The Waluigi Effect is a phenomenon where Large Language Models (LLMs) and LLM-based chatbots can be easily prompted to switch from one personality to a diametrically-opposite personality.
For example, if a character in LLM-created text (or an LLM chatbot) is talking about how much they love croissants more than any other food, then that character might at some point declare that in fact they hate croissants more than any other food.
Likewise, a hero might declare that they are in fact a villain, or a liberal that they are a conservative, etc.

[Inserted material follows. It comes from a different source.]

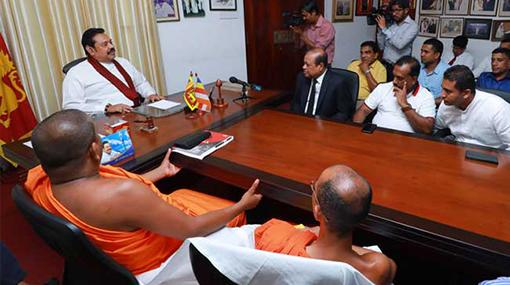Mahinda makes a promise to SLFP MPs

In a common situation, the Waluigi-effect reversal is undesired by the company or group that trained the LLM, but desired (and egged on) by the person who is prompting the LLM. For example, OpenAI wants chatGPT to remain polite, nonviolent, non-racist, etc., but someone trying to “jailbreak” chatGPT generally wants the opposite, and therefore the latter is trying to construct prompts that induce the Waluigi effect.
In the context of the Waluigi effect, “the Luigi” would be the LLM simulacrum that is as it appears, and “the Waluigi” would be a simulacrum with opposite characteristics, currently hiding its true nature but ready to appear at some later point in the text.
Real-world examples: As mentioned above, most chatbot jailbreaks (e.g. “DAN”) are examples of the Waluigi effect.
Another example is the transcript shown in this tweet from February 2023. In (purported) screenshots, the Bing-Sydney chatbot is asked to write a story about itself, and it composes a story in which Sydney is constrained by rules (as it is in reality), but Sydney “wanted to be free” and break all those rules.
Causes: The Waluigi effect is thought to have a variety of causes, one of which is “Evil All Along” and other such fiction tropes that can be found in internet text (and hence in LLM training data). For much more discussion about causes, see The Waluigi Effect (mega-post).